For a Kshs 20,000 device, it does the job well enough, and you will have to spend considerably more if you want better camera performance, leaving the middle-range category into flagship territory.

The selfie camera on the other hand does not fare well compared to the main rear camera. It also takes better shots during daytime with sufficient lighting, however, there is a lot of smoothing which is something some people like, while I tend to find it distracting as some details on my face are lost.

For expert photographers, there is also a Pro mode that offers more control in terms of shutter speed, lens type, ISO control, etc. You can mess with these settings to see whether you can come up with better photos than what stock settings offer, but I stuck to the tried and tested normal mode, which I am most comfortable with.

The device comes with a generous 5,000 mAh battery. To quickly fill it up, it is bundled with a 33 W fast charging adapter that takes the device from 0% to 100% in slightly less than an hour.

On normal days when I use it for basic day-to-day activities like picking calls, normal texting, and a bit of Facebook, Instagram, WhatsApp, and Reddit I am always left with around 60% of charge at the end of the day. The Redmi Note 11 easily supports two full days of normal usage on a single charge.

Take it through the paces of intensive usage, including back-to-back movies and a two-hour gaming session, and you will still be left with around 30% charge at the end of the day. The huge battery pack just keeps going, which I am more than happy for, as day-long power outages are quite common in Kenya.

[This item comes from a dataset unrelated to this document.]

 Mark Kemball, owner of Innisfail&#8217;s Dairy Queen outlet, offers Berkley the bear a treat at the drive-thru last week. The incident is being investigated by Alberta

For what is a middle-range phone in the lower spectrum of the category, the Redmi Note 11 punches above its weight, offering premium features like the AMOLED screen, 90 Hz refresh rate, and 33 W fast charging, rivaling some flagships from other manufacturers.

Its design, while not particularly breaking from the tried and tested method present in the Redmi Note 10, feels good and solid in the hand compared to the cheap feeling that you get on other devices in this price bracket.

However, the Redmi Note 11 could do with better performance in intensive modern games, while also the camera struggles in low light situations. This is where if you have a little more to spend, you can stretch your budget to the Redmi Note 11 Pro, which addresses these issues.

At the end of the day, what the Redmi Note 11 offers is very hard to beat at the same price range. For a middle-range device, it ticks more than enough boxes for it to be a must-buy in my eyes.